SULLIVAN, J., concurs in result.
NOTES
[1] Apart from the promissory estoppel theory, Eby also described a separate cause of action for constructive fraud, the elements of which included false material representation of past, existing, or promissory facts which induce reliance by the one relying, and an advantage to the promisor, thus producing an unconscionable advantage to one party over another. Eby, 455 N.E.2d at 628. The appellate issue presented and argued by the Brief of the Appellant is that of promissory estoppel, not constructive fraud.
[2] Our decision today is not guided by Romack v. Public Service Co. of Indiana (1987), Ind., 511 N.E.2d 1024, in which we adopted the view expressed in Judge Conover's dissenting opinion in the Court of Appeals decision, Romack v. Public Service Co. of Indiana (1986), Ind. App., 499 N.E.2d 768, 776-80 (Conover, dissenting). The precedential value of Romack is somewhat limited by its particular facts and because the principal issue was constructive fraud, not promissory estoppel.
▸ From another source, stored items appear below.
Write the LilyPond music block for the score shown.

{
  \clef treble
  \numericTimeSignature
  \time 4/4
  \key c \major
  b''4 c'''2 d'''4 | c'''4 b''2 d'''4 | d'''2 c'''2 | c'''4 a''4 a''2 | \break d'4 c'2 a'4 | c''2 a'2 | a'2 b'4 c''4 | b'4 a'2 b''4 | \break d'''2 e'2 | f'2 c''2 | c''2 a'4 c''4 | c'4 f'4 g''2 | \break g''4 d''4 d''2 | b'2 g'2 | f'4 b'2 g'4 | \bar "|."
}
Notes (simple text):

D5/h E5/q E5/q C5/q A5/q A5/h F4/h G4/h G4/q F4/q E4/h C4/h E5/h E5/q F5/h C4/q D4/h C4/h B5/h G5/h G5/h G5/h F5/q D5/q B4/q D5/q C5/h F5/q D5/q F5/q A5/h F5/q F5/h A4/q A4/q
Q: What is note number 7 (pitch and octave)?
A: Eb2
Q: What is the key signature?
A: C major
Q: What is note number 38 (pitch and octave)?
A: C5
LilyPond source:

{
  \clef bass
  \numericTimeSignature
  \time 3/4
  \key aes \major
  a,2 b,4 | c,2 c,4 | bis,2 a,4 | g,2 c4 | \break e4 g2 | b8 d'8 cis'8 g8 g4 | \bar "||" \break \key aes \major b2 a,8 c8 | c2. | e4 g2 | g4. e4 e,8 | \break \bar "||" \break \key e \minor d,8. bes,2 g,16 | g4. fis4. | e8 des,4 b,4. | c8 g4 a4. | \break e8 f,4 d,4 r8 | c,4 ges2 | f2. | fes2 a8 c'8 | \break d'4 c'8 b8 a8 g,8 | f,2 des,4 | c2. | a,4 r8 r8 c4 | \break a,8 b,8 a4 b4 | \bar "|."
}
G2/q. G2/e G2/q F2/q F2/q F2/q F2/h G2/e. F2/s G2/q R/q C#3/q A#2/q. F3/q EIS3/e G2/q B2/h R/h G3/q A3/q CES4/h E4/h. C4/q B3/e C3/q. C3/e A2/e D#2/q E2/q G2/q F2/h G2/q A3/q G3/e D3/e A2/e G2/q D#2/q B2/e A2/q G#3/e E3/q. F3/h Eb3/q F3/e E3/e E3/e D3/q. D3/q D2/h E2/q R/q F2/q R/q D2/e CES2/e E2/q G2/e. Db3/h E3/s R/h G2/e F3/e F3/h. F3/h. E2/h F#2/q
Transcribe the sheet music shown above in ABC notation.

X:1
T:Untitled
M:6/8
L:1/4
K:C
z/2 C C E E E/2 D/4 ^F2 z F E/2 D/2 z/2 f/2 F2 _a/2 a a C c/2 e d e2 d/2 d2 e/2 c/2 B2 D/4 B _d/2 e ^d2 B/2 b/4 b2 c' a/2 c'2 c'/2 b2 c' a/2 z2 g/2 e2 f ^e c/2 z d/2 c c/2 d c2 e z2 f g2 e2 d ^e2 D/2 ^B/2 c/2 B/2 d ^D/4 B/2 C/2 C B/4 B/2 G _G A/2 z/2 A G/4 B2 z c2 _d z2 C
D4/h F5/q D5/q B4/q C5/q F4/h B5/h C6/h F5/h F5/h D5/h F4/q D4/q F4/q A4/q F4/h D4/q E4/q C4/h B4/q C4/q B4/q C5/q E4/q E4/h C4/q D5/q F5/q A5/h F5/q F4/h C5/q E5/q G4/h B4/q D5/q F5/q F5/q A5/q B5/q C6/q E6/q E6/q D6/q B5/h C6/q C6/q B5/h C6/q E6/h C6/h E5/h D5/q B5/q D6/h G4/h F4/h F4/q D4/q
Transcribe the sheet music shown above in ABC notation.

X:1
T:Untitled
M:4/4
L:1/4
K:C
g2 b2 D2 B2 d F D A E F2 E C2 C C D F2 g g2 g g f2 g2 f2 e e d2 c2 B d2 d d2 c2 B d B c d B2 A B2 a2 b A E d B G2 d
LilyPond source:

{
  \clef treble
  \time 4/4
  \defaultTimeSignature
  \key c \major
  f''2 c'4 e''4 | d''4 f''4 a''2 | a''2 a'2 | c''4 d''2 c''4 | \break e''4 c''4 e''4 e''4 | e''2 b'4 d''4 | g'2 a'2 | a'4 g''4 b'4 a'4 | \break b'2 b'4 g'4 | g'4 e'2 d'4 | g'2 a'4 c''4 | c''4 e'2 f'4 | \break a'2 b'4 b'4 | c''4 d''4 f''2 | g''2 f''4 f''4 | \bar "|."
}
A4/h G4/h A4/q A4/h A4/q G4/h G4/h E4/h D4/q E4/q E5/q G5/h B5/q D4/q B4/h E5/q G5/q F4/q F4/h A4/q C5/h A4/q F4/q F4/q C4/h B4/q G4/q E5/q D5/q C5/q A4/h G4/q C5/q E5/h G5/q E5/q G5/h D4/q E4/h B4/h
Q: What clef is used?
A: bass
Romack allowed an action for wrongful discharge and required a finding of good cause necessary before termination of employment where "(1) the employer knows the employee had a former job with assured permanency (or assured non-arbitrary firing policies) and (2) [the employee] was only accepting the new job upon receiving assurances the new employer could guarantee similar permanency." Romack, 499 N.E.2d at 778. For an action based on constructive fraud, there must be a false material promissory representation which induces a detrimental reliance of the promisee and an advantage to the promisor. Romack v. Public Serv. Co. of Ind. (1986), Ind. App., 499 N.E.2d 768, 778-79 (Conover, dissenting), adopted by this Court in Romack v. Public Serv. Co. of Ind. (1987), Ind., 511 N.E.2d 1024.
[3] Indiana is not the only state to take exception to the federal Celotex standard. See, e.g., Berner v. Caldwell (1989), Ala., 543 So. 2d 686, 688.